◆ WHAT IS REQUIRED
Would you copy the listing below exactly, keeping the pictures out?

◆ DATA BLOCK
=== Section Start ===

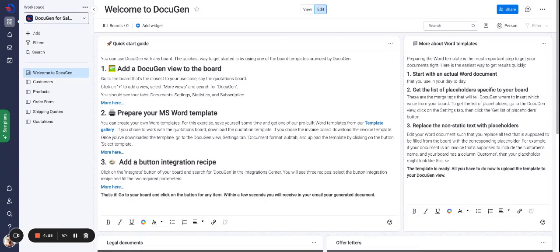Hi everyone! In this video I will explain the boards and the dashboard that we have in DocuGen for sales template.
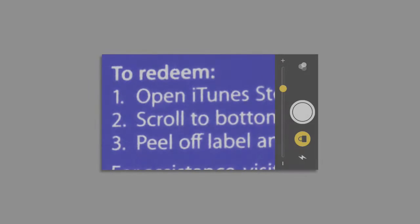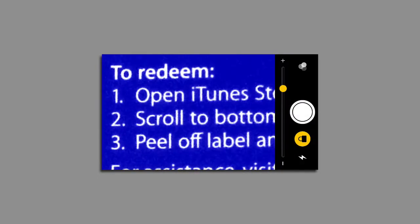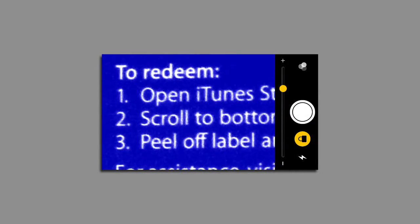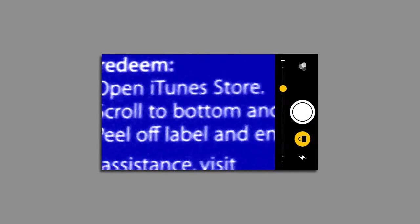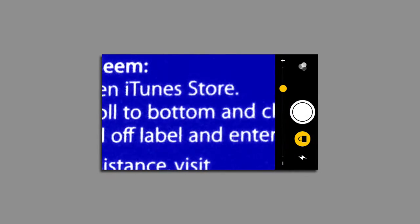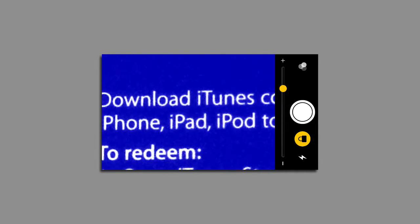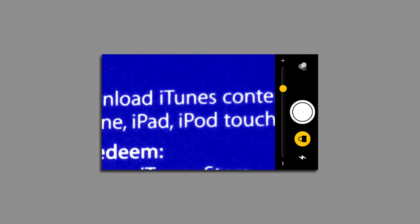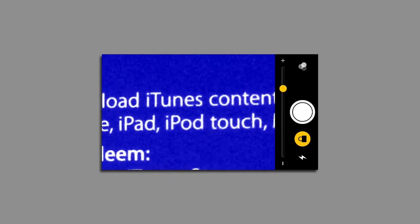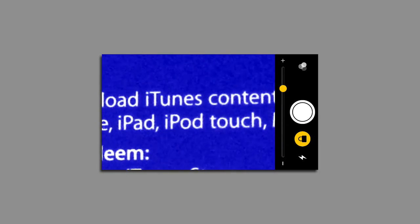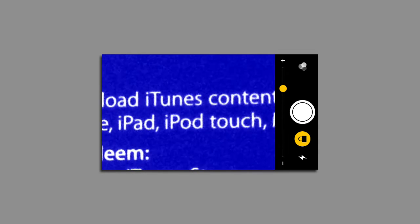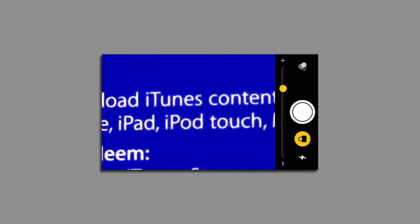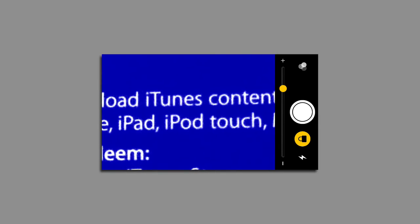So overall the magnifier built into iOS 10 is quite a useful little video magnifier. It's got a good choice of high contrast color modes. The main problem with it is keeping the iPhone still. If you hold it by hand it does tend to tremor quite a bit, so ideally you need some sort of stand to stand the iPhone in.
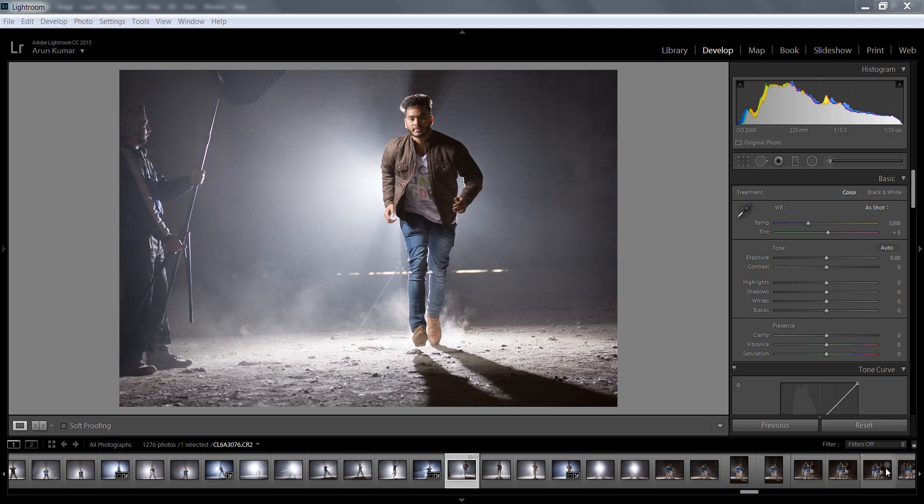Hey, what's up! This is Arun and welcome to my channel. Today I will teach you how to make a basic edit using Lightroom and Photoshop. I am in Lightroom CC as you can see.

=== Section End ===

◆ WRITTEN ANSWER
Hi everyone! In this video I will explain the boards and the dashboard that we have in DocuGen for sales template.
So overall the magnifier built into iOS 10 is quite a useful little video magnifier. It's got a good choice of high contrast color modes. The main problem with it is keeping the iPhone still. If you hold it by hand it does tend to tremor quite a bit, so ideally you need some sort of stand to stand the iPhone in.
Hey, what's up! This is Arun and welcome to my channel. Today I will teach you how to make a basic edit using Lightroom and Photoshop. I am in Lightroom CC as you can see.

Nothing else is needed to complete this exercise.